Although students are expected to have 100% attendance, the Faculty has determined 90% as a minimum attendance Hurdle. Therefore students are required to maintain a minimum 90% level of attendance at PBL (clinical, case-based or paper based), pathology tutorials, Evidence Based Clinical Practice (EBCP) sessions, Occupational and Environmental Medicine (OEM) sessions, Ethics and Law tutorials, Clinical skills tutorials and any simulation-based teaching and workshops. If you are unable to attend a session, you may be eligible for In Semester Special Consideration for this component of in-semester assessment.
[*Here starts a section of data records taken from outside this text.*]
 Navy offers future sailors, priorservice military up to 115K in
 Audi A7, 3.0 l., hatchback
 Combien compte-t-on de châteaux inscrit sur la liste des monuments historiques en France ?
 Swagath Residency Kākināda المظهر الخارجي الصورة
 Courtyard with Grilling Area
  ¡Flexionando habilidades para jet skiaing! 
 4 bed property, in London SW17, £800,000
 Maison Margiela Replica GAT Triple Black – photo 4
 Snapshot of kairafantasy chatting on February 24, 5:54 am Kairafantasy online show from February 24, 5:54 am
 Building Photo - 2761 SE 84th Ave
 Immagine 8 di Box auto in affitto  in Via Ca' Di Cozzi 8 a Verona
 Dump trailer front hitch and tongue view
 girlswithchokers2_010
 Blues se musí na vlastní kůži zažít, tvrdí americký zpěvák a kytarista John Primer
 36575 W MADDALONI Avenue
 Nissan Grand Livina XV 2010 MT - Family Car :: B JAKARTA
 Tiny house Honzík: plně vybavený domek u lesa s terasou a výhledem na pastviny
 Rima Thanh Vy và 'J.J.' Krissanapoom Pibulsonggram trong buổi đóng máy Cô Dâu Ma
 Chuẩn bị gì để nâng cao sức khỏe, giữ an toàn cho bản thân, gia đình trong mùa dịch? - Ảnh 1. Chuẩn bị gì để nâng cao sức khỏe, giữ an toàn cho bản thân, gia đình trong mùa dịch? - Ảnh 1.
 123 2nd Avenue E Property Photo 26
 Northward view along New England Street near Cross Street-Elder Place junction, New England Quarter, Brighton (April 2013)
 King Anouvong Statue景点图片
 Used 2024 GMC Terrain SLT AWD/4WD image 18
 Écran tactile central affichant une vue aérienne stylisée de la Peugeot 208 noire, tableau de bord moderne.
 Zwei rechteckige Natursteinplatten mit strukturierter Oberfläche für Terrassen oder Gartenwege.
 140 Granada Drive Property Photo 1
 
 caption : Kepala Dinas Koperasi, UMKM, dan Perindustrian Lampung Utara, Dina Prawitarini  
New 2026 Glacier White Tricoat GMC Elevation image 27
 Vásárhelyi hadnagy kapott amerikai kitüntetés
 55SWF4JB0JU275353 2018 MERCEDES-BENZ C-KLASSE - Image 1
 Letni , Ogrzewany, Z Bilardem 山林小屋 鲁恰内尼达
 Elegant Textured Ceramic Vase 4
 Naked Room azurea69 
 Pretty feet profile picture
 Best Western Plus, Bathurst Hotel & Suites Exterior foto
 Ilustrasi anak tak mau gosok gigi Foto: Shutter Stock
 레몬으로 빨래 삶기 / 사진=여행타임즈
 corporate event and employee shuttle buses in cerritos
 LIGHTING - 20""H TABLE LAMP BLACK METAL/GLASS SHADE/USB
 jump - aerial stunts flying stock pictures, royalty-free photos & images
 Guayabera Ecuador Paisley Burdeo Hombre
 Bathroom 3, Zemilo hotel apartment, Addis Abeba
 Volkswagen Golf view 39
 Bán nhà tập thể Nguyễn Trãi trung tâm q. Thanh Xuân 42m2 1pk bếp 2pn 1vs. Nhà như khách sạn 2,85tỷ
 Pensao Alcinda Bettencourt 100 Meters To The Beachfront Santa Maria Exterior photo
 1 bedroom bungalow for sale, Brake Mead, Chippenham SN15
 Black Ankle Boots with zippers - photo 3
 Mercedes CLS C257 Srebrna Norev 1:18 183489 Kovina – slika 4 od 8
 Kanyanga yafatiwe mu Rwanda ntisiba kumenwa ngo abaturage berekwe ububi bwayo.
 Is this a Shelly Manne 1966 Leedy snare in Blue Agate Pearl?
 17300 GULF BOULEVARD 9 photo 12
Application forms for In Semester Special Consideration are available at: http://www.med.monash.edu.au/current/student-forms.html

  • Satisfactory participation and performance in clinical skills activities and submission of complete portfolio.

Workload requirements

Approximately 13 hours/week of structured teaching and learning, 10 hours/week of unstructured learning in clinical settings and 10 hours/week self directed learning (private study).